Replication
On this page
A replica set in MongoDB is a group of mongod
processes
that maintain the same data set. Replica sets provide redundancy and
high availability, and are the basis for all production
deployments. This section introduces replication in MongoDB as well as
the components and architecture of replica sets. The section also
provides tutorials for common tasks related to replica sets.
You can deploy a replica set in the UI for deployments hosted in MongoDB Atlas.
Redundancy and Data Availability
Replication provides redundancy and increases data availability. With multiple copies of data on different database servers, replication provides a level of fault tolerance against the loss of a single database server.
In some cases, replication can provide increased read capacity as clients can send read operations to different servers. Maintaining copies of data in different data centers can increase data locality and availability for distributed applications. You can also maintain additional copies for dedicated purposes, such as disaster recovery, reporting, or backup.
Replication in MongoDB
A replica set is a group of mongod
instances that maintain
the same data set. A replica set contains several data bearing nodes
and optionally one arbiter node. Of the data bearing nodes, one and
only one member is deemed the primary node, while the other nodes are
deemed secondary nodes.
Warning
Each replica set node must belong to one, and only one, replica set. Replica set nodes cannot belong to more than one replica set.
The primary node receives all write
operations. A replica set can have only one primary capable of
confirming writes with { w: "majority" }
write concern; although in some circumstances, another mongod instance
may transiently believe itself to also be primary.
[1] The primary records all changes to its data
sets in its operation log, i.e. oplog. For more information on primary node
operation, see Replica Set Primary.
The secondaries replicate the primary's oplog and apply the operations to their data sets such that the secondaries' data sets reflect the primary's data set. If the primary is unavailable, an eligible secondary will hold an election to elect itself the new primary. For more information on secondary members, see Replica Set Secondary Members.

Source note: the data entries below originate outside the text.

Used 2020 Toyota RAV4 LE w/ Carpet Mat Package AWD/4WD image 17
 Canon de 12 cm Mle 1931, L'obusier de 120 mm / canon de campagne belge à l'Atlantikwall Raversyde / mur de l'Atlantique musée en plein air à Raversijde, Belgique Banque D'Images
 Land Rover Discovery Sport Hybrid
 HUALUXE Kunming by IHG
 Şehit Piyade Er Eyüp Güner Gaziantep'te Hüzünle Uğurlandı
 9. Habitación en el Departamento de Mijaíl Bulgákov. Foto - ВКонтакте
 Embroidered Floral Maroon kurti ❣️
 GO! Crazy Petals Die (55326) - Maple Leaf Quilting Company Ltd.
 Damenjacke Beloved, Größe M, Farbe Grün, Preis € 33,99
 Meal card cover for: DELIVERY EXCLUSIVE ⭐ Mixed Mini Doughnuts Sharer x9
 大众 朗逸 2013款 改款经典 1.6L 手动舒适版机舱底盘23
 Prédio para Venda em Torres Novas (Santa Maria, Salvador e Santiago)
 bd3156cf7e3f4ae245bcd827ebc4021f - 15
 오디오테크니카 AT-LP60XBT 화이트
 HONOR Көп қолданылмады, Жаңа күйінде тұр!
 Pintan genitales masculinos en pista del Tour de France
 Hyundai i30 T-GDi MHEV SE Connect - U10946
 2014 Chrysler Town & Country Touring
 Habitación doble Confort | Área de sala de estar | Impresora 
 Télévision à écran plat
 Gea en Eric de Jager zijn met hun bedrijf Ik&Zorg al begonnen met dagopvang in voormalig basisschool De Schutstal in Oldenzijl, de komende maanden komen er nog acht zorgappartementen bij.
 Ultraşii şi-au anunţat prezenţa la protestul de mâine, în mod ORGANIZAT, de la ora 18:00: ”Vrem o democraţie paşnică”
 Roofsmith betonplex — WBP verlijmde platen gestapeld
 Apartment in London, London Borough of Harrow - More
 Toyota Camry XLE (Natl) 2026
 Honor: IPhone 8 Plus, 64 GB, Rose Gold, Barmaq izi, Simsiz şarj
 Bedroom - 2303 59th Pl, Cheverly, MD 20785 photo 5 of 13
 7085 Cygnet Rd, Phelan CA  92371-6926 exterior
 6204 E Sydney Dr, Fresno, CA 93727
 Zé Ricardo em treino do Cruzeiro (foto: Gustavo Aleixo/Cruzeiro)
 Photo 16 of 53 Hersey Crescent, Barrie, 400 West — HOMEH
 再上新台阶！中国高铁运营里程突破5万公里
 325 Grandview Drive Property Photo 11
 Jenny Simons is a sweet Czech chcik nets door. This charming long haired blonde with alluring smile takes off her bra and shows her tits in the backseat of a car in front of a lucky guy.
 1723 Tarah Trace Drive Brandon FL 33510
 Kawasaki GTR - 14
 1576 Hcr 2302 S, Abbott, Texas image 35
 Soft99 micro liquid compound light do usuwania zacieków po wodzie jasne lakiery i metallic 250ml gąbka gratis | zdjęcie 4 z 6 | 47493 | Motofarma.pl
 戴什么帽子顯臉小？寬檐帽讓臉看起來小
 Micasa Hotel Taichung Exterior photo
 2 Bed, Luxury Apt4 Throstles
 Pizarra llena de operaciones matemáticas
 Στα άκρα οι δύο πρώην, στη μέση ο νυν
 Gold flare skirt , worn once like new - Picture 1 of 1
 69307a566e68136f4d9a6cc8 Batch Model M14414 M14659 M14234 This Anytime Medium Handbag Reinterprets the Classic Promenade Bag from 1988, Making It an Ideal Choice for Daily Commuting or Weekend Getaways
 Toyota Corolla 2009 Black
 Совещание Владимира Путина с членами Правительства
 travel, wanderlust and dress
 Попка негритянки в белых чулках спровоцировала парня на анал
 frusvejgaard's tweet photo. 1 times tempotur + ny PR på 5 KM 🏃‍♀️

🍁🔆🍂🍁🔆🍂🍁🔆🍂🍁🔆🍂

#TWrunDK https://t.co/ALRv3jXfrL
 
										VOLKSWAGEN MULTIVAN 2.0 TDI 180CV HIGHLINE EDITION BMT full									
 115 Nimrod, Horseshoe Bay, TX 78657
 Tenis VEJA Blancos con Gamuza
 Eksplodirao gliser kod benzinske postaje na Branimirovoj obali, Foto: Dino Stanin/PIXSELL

In some circumstances (such as you have a primary and a secondary but
cost constraints prohibit adding another secondary), you may choose to
add a mongod
instance to a replica set as an
arbiter. An arbiter participates in
elections but does not hold data (i.e.
does not provide data redundancy). For more information on arbiters,
see Replica Set Arbiter.
An arbiter will always be an arbiter whereas a primary may step down and become a secondary and a secondary may become the primary during an election.
Asynchronous Replication
Secondaries replicate the primary's oplog and apply the operations to their data sets asynchronously. By having the secondaries' data sets reflect the primary's data set, the replica set can continue to function despite the failure of one or more members.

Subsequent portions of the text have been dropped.